▸ Exercise
Once you find the line with "43467 GRANDMOORE ST, Ashburn, VA 20148" in the data that follows, repeat it and every line after it exactly, through the line with "ORIGINATED IN GRACE".

----------------------------------------

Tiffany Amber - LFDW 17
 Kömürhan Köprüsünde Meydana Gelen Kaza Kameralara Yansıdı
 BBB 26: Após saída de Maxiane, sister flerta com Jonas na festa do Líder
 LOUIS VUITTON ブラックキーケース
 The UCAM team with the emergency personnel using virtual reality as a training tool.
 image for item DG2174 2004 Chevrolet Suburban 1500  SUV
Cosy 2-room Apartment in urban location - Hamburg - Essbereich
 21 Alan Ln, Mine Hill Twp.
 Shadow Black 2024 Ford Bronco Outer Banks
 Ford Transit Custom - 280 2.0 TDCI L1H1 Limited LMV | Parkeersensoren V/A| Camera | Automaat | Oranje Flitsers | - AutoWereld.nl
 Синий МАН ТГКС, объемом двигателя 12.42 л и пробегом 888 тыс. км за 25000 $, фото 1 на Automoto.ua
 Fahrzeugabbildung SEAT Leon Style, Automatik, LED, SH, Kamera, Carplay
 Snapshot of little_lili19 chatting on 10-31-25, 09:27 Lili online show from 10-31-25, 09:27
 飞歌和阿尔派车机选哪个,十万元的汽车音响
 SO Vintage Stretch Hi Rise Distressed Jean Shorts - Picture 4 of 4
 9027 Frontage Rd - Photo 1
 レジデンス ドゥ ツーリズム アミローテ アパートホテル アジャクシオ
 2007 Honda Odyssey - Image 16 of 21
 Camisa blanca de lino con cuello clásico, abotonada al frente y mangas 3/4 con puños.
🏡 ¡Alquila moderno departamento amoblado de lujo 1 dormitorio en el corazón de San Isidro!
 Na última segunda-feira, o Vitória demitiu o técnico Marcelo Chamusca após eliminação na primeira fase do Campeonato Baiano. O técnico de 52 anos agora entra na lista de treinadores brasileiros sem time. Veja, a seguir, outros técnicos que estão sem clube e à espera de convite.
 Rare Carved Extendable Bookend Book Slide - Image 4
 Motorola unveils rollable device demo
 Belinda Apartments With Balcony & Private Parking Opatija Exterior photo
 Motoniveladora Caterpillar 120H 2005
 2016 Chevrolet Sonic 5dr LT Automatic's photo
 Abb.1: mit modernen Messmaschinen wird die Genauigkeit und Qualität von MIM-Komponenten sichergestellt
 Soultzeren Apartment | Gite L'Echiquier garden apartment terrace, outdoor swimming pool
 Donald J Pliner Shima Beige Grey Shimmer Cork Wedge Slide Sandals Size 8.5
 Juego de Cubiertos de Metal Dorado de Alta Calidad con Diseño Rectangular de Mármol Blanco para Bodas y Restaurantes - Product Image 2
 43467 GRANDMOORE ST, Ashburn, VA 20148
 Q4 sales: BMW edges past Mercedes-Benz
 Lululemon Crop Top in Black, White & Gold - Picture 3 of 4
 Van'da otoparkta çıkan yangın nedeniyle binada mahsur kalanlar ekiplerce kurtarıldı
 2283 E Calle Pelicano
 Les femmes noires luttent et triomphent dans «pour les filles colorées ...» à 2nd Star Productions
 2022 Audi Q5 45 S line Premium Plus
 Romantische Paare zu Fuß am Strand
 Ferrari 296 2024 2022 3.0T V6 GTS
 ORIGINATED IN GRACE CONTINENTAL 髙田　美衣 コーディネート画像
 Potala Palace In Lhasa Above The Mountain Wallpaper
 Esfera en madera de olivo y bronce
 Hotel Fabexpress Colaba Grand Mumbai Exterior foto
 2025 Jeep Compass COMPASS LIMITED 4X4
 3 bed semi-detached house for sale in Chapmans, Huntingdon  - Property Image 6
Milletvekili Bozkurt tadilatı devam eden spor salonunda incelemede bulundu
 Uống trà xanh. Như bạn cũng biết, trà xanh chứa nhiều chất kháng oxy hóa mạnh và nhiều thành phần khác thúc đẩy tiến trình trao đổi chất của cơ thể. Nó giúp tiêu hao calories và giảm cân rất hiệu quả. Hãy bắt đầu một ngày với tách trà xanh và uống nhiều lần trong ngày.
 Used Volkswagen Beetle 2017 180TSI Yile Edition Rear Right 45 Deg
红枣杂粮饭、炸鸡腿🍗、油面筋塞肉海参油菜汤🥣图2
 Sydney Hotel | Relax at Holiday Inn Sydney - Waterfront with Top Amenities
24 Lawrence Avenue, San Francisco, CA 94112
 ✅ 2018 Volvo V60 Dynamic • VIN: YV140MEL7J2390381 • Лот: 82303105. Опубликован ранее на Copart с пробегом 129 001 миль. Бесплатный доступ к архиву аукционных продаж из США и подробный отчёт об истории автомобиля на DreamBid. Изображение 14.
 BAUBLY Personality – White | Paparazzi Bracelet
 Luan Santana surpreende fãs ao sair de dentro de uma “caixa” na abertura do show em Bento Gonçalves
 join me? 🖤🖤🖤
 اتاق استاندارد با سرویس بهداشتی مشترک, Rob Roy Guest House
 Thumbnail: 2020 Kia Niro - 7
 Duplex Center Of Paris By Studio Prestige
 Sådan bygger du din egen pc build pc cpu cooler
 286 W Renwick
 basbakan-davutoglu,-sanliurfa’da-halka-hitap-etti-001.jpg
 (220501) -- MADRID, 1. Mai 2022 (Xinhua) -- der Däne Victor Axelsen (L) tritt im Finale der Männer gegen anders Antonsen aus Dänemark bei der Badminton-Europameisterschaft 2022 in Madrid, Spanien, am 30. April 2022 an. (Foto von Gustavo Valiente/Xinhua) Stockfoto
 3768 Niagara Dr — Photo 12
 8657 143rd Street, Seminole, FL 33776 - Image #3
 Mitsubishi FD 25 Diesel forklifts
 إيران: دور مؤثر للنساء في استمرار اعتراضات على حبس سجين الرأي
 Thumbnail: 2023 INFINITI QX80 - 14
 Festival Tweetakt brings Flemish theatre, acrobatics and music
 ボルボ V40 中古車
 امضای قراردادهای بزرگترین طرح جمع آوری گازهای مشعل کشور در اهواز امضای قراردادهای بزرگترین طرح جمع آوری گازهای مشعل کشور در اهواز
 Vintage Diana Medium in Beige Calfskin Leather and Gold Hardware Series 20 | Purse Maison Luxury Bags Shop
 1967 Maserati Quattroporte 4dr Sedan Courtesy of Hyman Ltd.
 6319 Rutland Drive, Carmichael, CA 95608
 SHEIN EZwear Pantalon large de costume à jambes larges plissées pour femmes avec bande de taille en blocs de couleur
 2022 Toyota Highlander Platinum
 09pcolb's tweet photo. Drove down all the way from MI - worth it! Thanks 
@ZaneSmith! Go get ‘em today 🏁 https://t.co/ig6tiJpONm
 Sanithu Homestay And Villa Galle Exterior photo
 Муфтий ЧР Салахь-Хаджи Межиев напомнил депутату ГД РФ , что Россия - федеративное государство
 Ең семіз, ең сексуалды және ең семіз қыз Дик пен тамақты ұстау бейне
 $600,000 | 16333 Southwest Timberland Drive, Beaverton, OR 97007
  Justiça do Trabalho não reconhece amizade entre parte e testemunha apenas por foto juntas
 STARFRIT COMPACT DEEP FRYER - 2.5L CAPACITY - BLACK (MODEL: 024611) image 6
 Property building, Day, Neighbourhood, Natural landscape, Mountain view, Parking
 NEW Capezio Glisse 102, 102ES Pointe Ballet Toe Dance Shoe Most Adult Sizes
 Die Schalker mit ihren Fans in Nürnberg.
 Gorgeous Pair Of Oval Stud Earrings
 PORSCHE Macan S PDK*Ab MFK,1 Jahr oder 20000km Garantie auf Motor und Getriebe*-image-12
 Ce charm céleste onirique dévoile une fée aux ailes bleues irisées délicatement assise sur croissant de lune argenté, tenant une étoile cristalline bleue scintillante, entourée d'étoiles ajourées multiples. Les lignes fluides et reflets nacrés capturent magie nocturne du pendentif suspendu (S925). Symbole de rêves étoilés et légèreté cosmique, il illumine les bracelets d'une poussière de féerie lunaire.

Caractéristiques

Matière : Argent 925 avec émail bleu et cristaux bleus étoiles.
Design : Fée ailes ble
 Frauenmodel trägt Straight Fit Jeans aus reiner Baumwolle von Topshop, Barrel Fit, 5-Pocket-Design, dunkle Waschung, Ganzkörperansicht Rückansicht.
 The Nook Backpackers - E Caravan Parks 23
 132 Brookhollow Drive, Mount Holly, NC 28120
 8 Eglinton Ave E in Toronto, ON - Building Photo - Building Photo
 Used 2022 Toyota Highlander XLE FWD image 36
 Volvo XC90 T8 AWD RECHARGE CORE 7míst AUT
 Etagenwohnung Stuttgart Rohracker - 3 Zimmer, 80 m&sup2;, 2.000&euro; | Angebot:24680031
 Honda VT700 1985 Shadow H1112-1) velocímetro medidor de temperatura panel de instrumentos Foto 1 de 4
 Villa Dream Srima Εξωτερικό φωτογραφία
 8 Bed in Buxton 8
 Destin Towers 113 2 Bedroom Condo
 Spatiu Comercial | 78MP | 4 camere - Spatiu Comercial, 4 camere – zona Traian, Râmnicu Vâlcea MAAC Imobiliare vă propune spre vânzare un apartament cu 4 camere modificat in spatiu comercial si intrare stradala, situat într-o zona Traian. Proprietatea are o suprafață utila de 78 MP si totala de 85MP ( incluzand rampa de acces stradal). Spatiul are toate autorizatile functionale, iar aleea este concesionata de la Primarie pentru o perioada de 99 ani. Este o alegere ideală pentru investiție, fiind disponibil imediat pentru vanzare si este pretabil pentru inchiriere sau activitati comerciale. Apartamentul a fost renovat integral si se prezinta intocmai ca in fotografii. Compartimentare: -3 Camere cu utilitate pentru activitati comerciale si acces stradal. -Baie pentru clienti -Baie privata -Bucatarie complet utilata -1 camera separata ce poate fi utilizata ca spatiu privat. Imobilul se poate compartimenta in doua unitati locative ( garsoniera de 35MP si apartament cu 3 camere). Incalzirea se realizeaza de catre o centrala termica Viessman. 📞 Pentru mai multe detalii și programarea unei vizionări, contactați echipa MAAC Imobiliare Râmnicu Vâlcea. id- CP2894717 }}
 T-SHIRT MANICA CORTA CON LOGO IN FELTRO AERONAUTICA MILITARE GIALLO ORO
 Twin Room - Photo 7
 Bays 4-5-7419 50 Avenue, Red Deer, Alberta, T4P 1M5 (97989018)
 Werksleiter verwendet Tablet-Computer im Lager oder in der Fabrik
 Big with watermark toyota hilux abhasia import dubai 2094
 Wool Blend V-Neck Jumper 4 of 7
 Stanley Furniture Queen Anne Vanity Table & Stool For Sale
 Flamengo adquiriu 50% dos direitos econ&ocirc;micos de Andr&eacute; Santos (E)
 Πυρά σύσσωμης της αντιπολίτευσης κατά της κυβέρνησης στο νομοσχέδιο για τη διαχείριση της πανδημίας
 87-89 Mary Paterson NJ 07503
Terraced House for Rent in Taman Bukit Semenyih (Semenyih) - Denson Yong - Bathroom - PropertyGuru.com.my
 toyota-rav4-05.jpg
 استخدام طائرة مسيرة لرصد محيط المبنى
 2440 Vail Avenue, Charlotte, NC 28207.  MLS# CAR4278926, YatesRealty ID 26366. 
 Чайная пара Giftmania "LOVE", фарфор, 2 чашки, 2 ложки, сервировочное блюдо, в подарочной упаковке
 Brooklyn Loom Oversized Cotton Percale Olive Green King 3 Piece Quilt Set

----------------------------------------

▸ Output of the exercise
 43467 GRANDMOORE ST, Ashburn, VA 20148
 Q4 sales: BMW edges past Mercedes-Benz
 Lululemon Crop Top in Black, White & Gold - Picture 3 of 4
 Van'da otoparkta çıkan yangın nedeniyle binada mahsur kalanlar ekiplerce kurtarıldı
 2283 E Calle Pelicano
 Les femmes noires luttent et triomphent dans «pour les filles colorées ...» à 2nd Star Productions
 2022 Audi Q5 45 S line Premium Plus
 Romantische Paare zu Fuß am Strand
 Ferrari 296 2024 2022 3.0T V6 GTS
 ORIGINATED IN GRACE CONTINENTAL 髙田　美衣 コーディネート画像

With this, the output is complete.